TASK STATEMENT: Exclude the pictures from your copy, and reproduce each entry below verbatim.

DATA EXCERPTS:
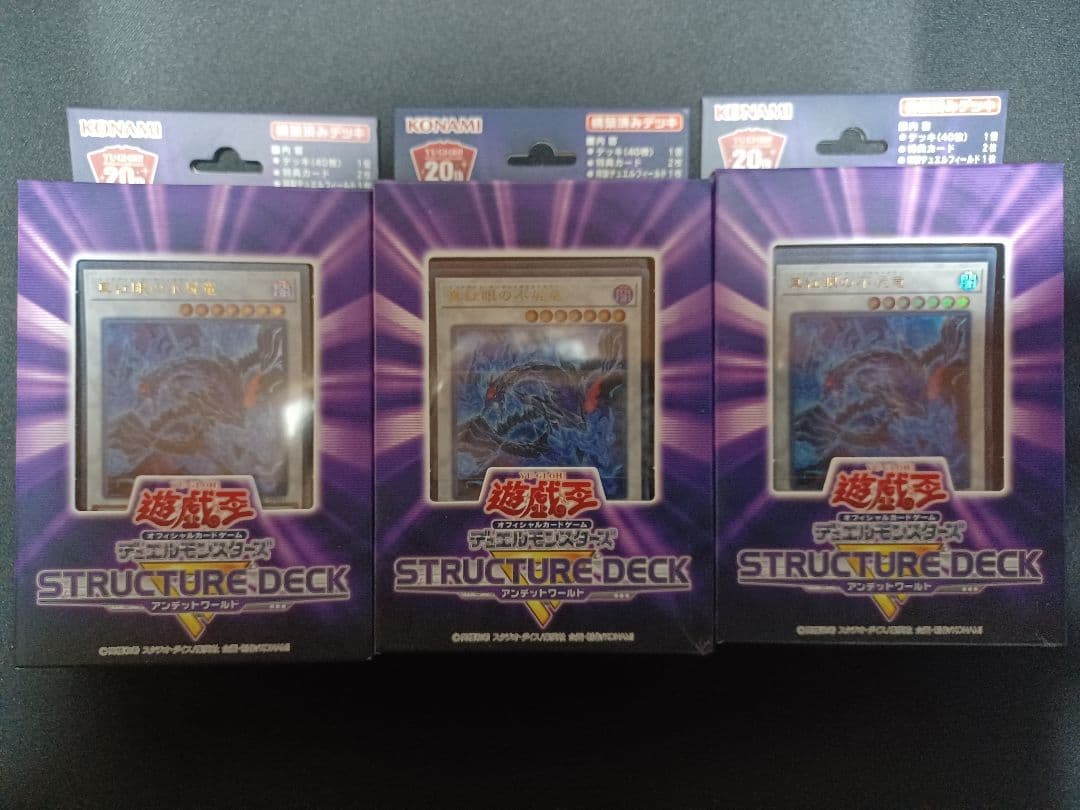 遊戯王 まとめ売り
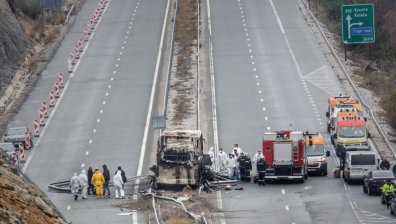 Властите в РСМ отнеха лиценза на "Бeca трaнc"
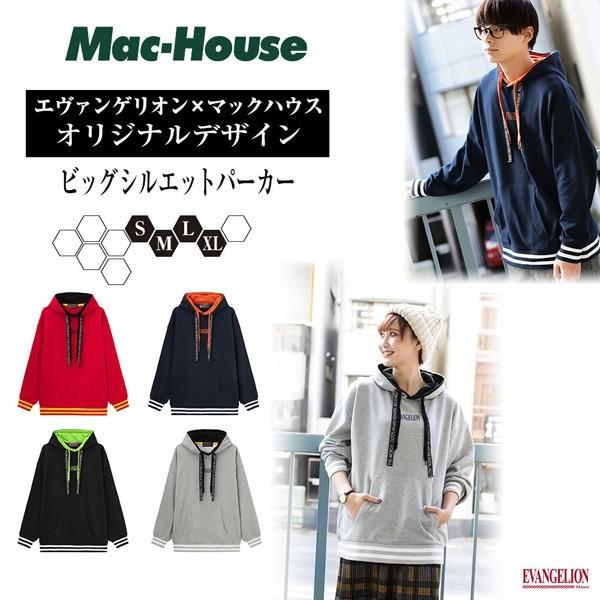 エヴァンゲリオンパーカ 零号機モデル2 マックハウス D Evangelion Store Yahoo 店 通販 Yahoo ショッピング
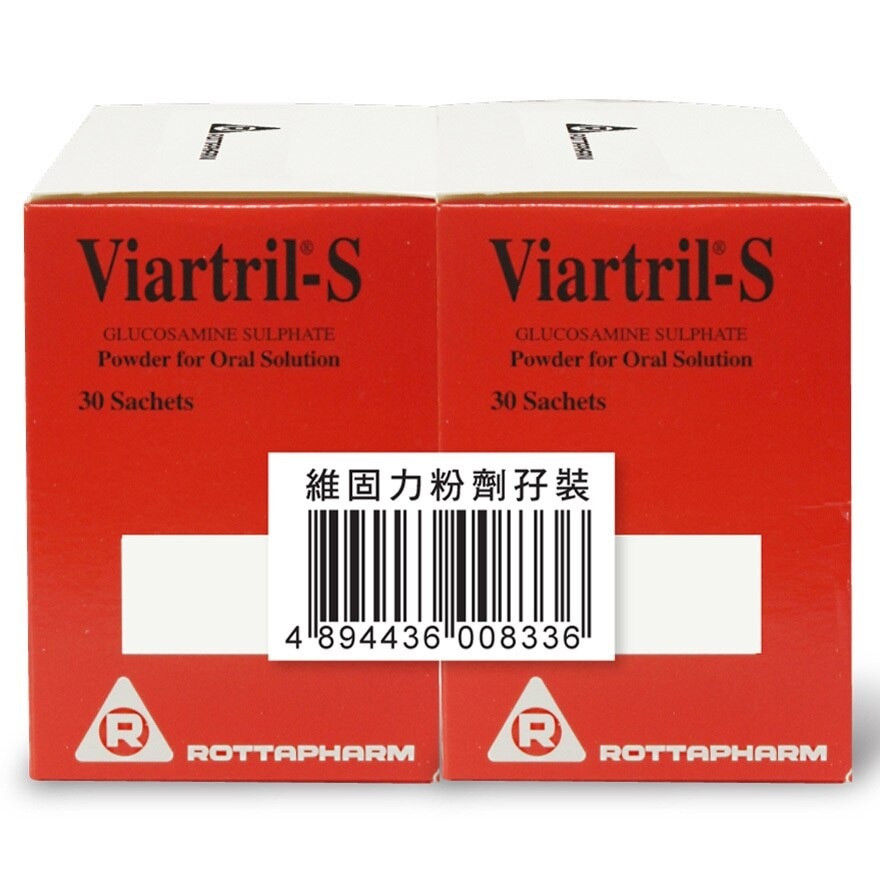 VIARTRIL-S Viartril-s 1500mg Glucosamine Sulphate (30 Sachets X 2)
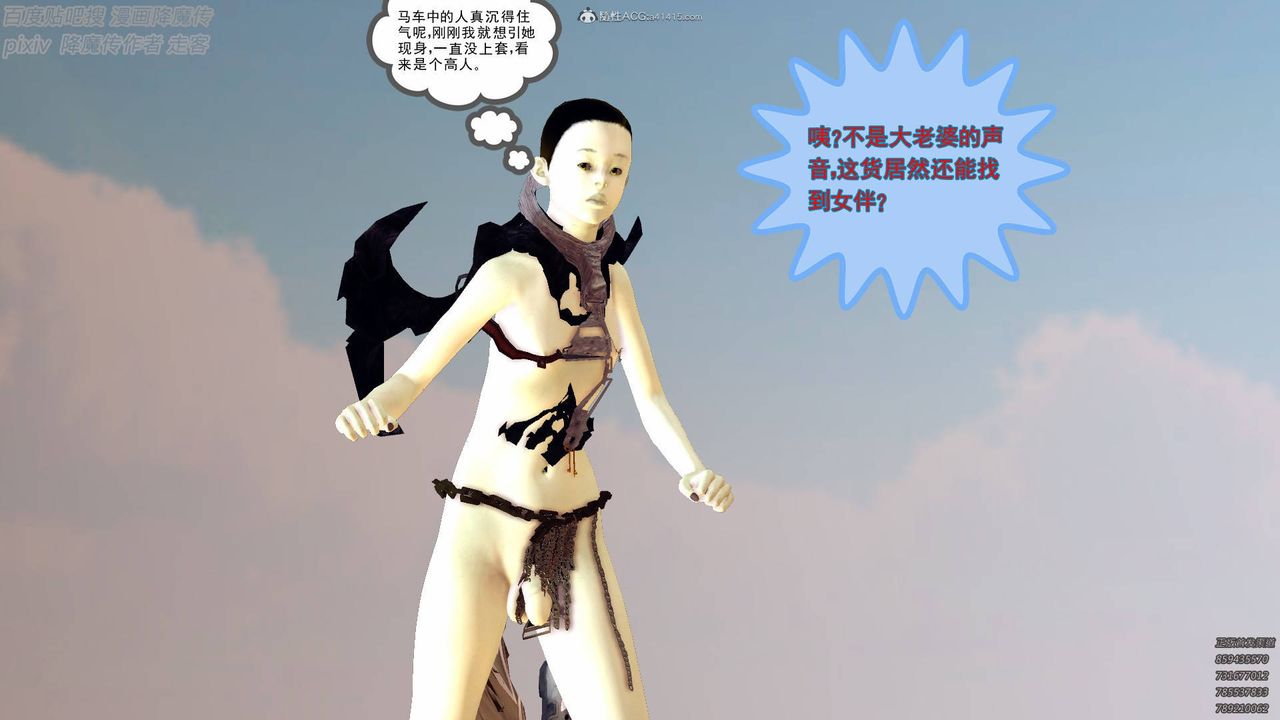 [3D]降魔傳小劇場一發入魂第01話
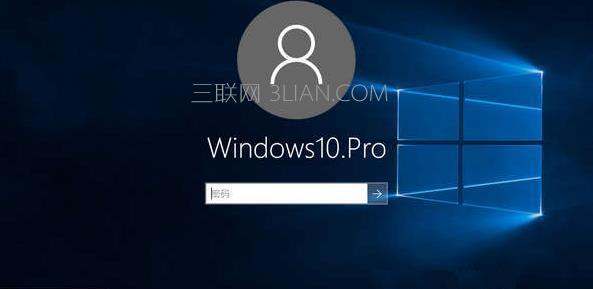 Windows10系统电脑进入安全模式的步骤（简易操作指南）  第1张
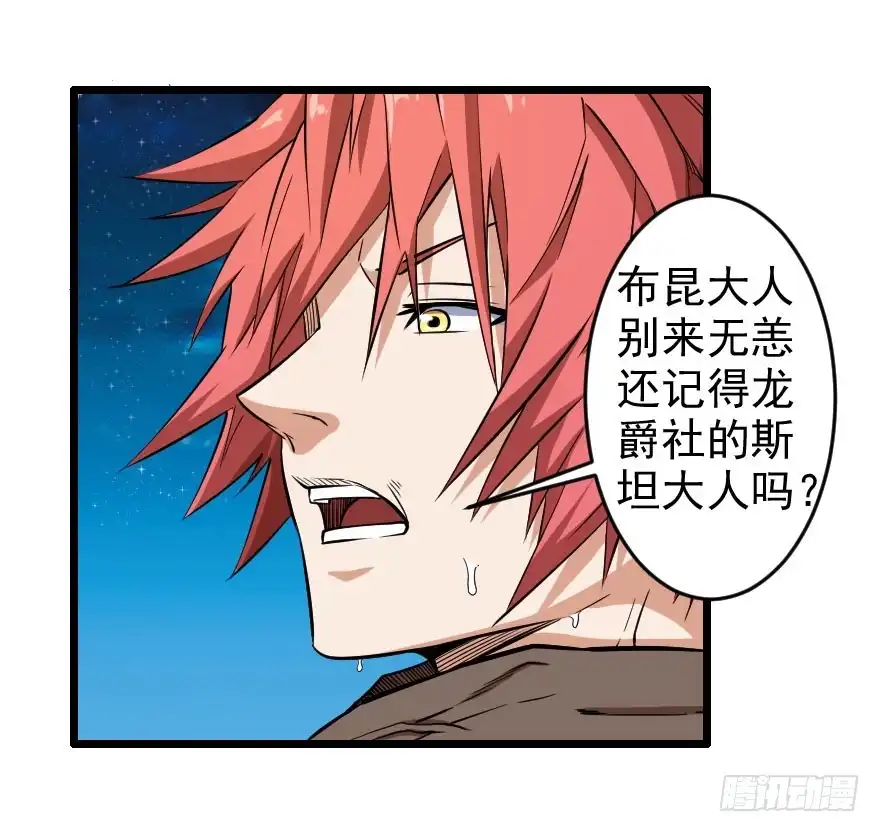 《末世刺客》060将错就错 第34页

REPLY:
 遊戯王 まとめ売り
 Властите в РСМ отнеха лиценза на "Бeca трaнc"
 エヴァンゲリオンパーカ 零号機モデル2 マックハウス D Evangelion Store Yahoo 店 通販 Yahoo ショッピング
 VIARTRIL-S Viartril-s 1500mg Glucosamine Sulphate (30 Sachets X 2)
 [3D]降魔傳小劇場一發入魂第01話
 Windows10系统电脑进入安全模式的步骤（简易操作指南）  第1张
 《末世刺客》060将错就错 第34页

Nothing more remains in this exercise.